Task item:
Once the line with "ג׳קט רוכסן מלא" is found in the data, output it and each following line exactly, up to and including the line with "Close-up of cheese and herbs on bread", and nothing before or after.

┌─ Available data

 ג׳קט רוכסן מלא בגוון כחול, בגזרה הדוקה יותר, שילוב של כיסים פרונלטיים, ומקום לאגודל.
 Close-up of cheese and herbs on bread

└─
┌─ Available data

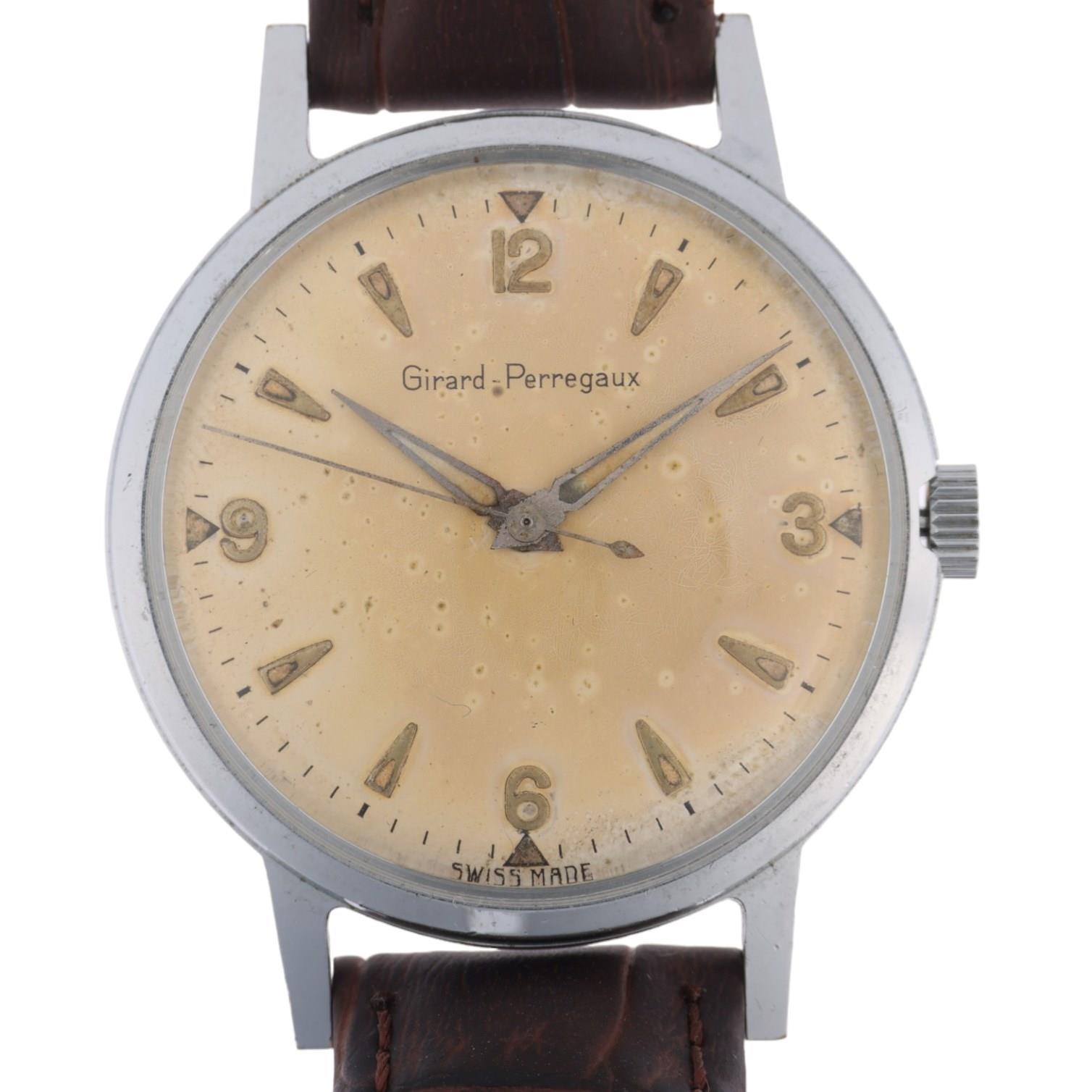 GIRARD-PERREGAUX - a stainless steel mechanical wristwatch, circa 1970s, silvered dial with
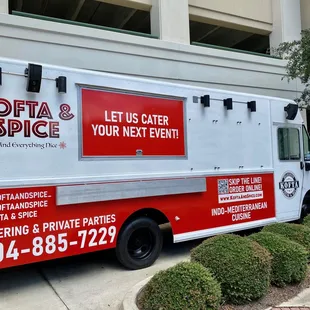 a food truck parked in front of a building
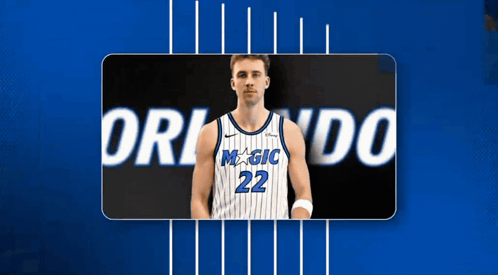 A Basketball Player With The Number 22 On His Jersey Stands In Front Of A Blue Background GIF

└─
┌─ Available data

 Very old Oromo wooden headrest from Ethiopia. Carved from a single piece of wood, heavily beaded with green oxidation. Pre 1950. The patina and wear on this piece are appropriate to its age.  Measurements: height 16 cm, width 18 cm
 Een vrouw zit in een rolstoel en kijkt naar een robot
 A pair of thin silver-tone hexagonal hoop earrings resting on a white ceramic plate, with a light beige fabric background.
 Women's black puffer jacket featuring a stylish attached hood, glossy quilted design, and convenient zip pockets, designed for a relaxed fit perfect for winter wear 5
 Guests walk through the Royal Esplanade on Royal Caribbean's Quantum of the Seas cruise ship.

└─

The completed task:
 ג׳קט רוכסן מלא בגוון כחול, בגזרה הדוקה יותר, שילוב של כיסים פרונלטיים, ומקום לאגודל.
 Close-up of cheese and herbs on bread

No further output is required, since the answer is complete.